■ **WHAT YOU ARE ASKED TO DO**
Set down the first line below and each line after it, ending with the one that holds "Personalized Australia Soccer". Pictures do not belong in the copy.

(Data excerpts)
-- Opening Marker --

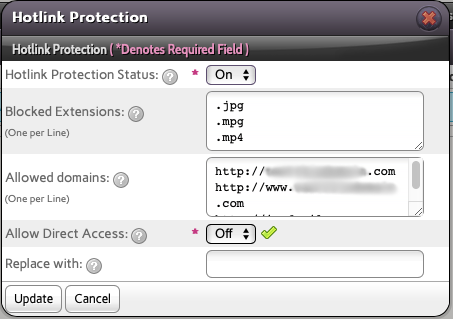 Fill in the Extensions to Protect, the Domains to Allow, Turn on
the Protection and Click
Update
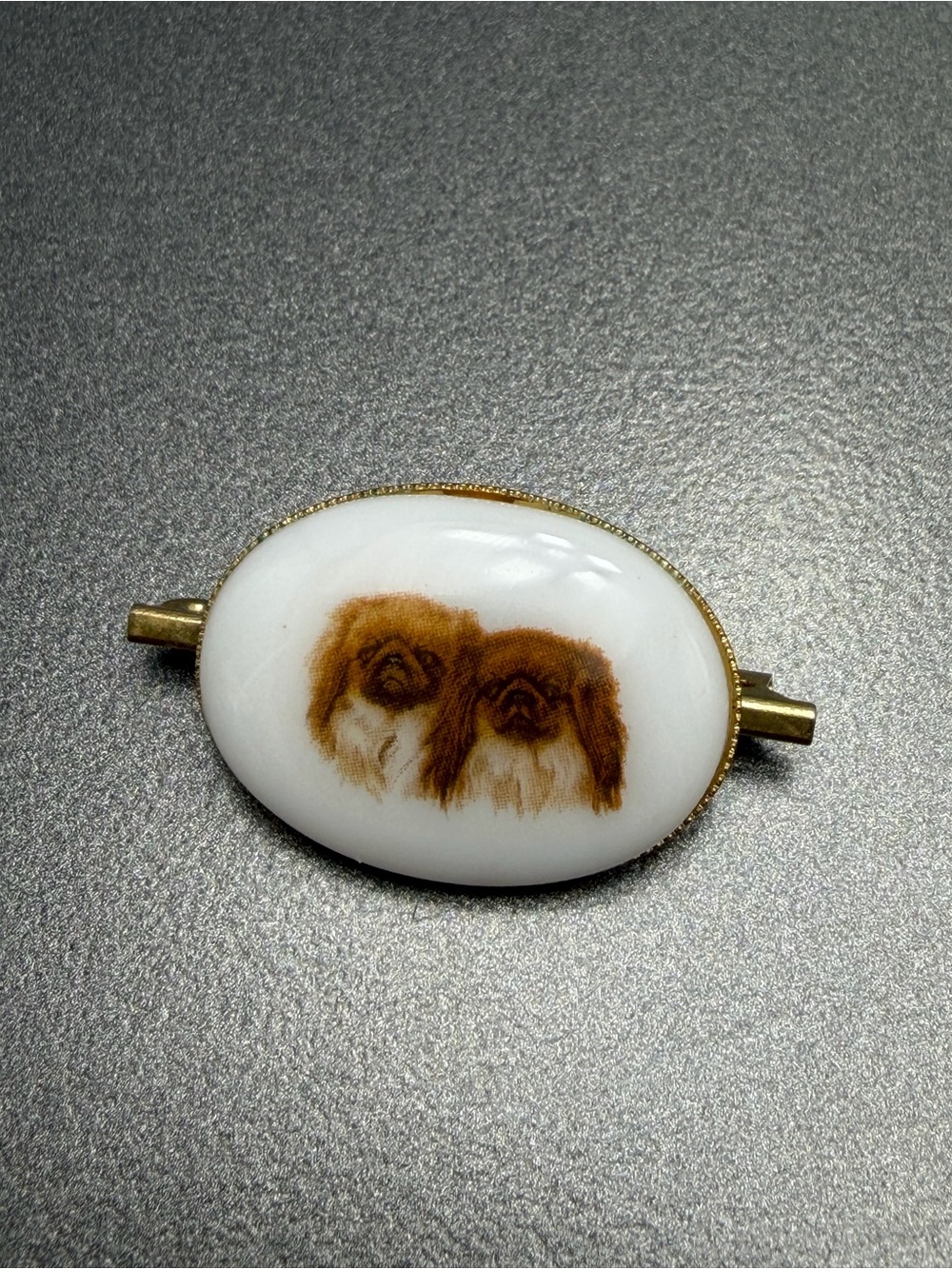 💕2/$20 Porcelain Pekingese Dog Oval Brooch in White and Brown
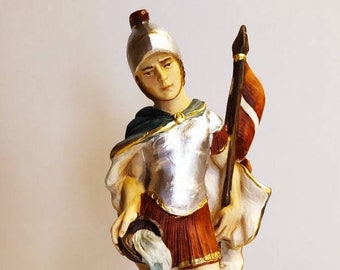 Statue of St. Florian cm 25 (9,84 inches) in hand-decorated resin marble of Italian craftsmanship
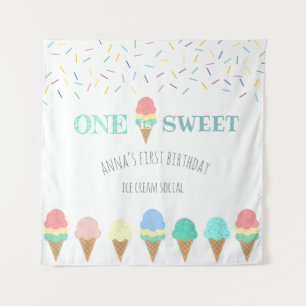 One is sweet ice cream social first birthday tapestry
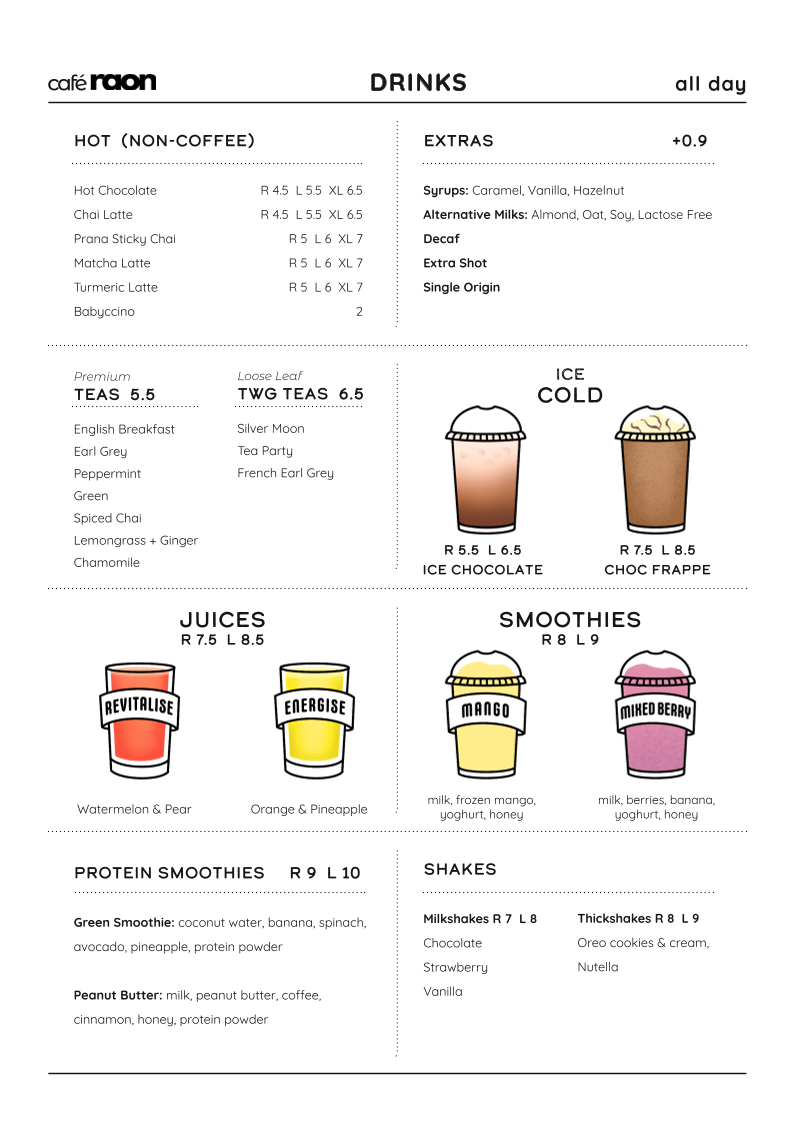 Menu, Cafe Raon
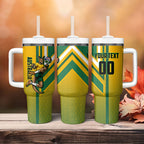 Personalized Australia Soccer Kangaroo Tumbler With Handle Australia Flag Athletic Mascot Boxing Kangaroo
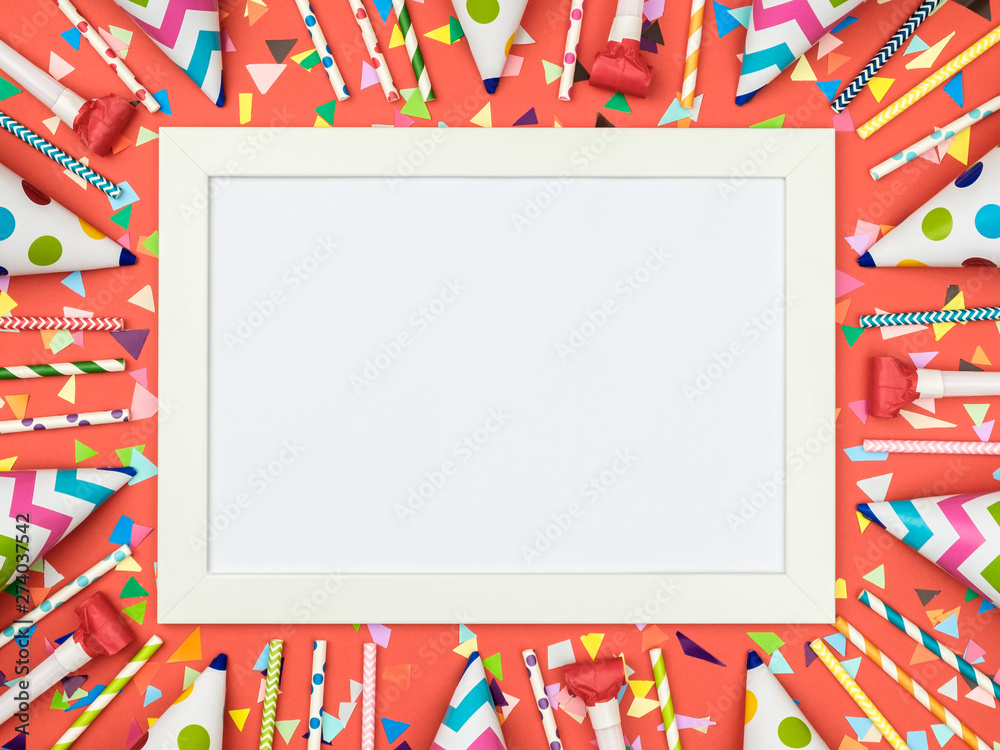 Obraz premium Blank card with colorful party items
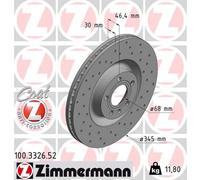 2x Disco de freno ventilación interna 100.3326.52 ZIMMERMANN para AUDI A4 B6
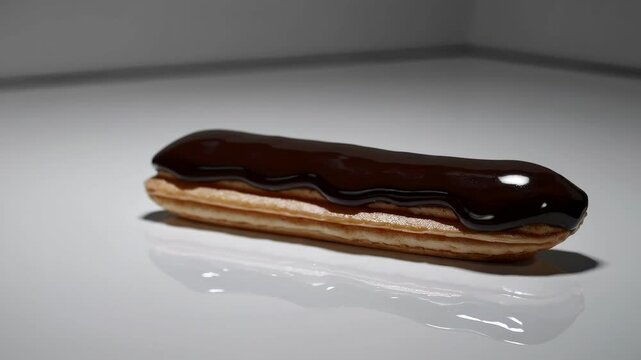 Chocolate eclair rotation on white surface showcasing glossy texture and baked detail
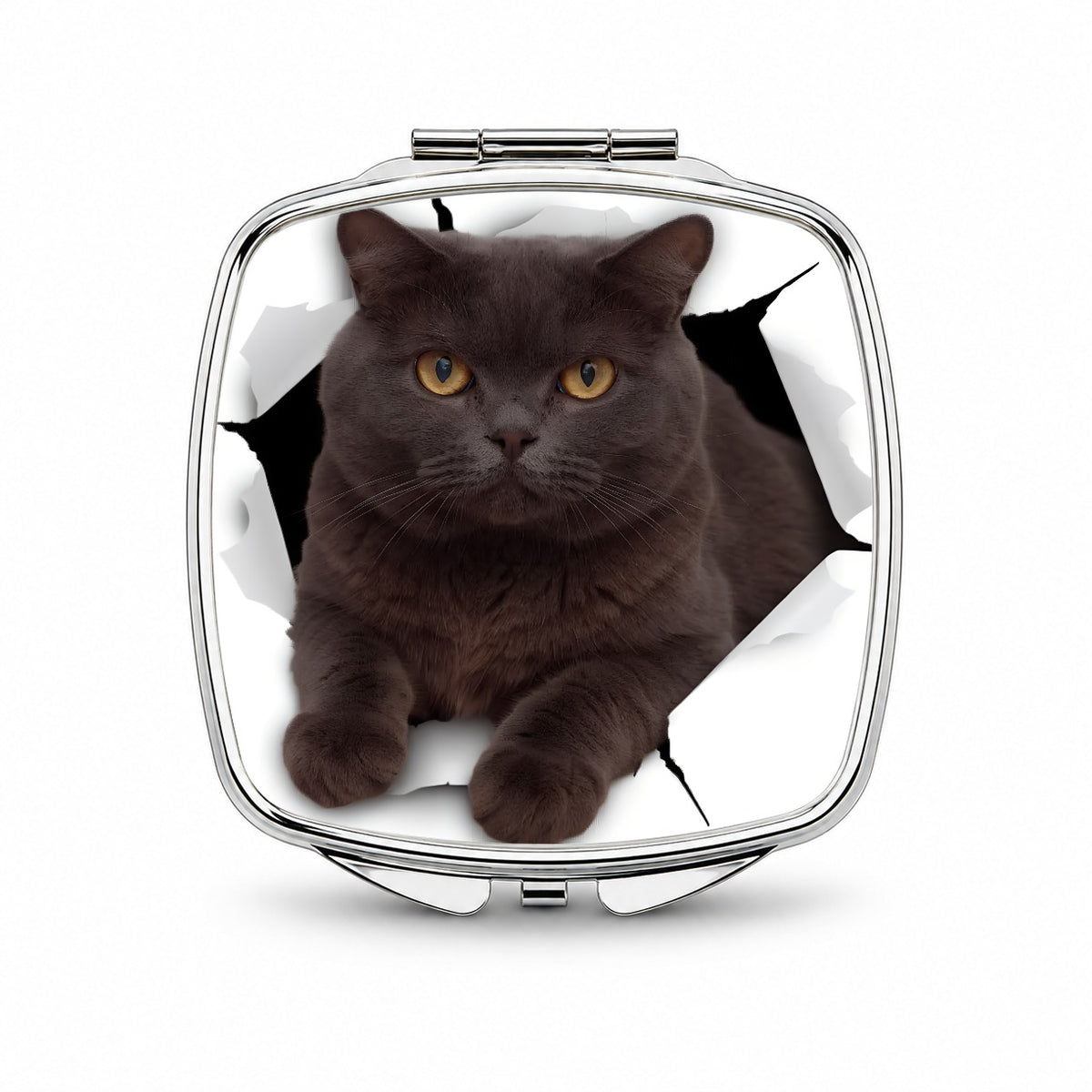 British Shorthair Cat Breakout Small Travel Purse Handbag Pocket Makeup Compact Mirror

-- Closing Marker --

■ **EXERCISE RESULT**
 Fill in the Extensions to Protect, the Domains to Allow, Turn on
the Protection and Click
Update
 💕2/$20 Porcelain Pekingese Dog Oval Brooch in White and Brown
 Statue of St. Florian cm 25 (9,84 inches) in hand-decorated resin marble of Italian craftsmanship
 One is sweet ice cream social first birthday tapestry
 Menu, Cafe Raon
 Personalized Australia Soccer Kangaroo Tumbler With Handle Australia Flag Athletic Mascot Boxing Kangaroo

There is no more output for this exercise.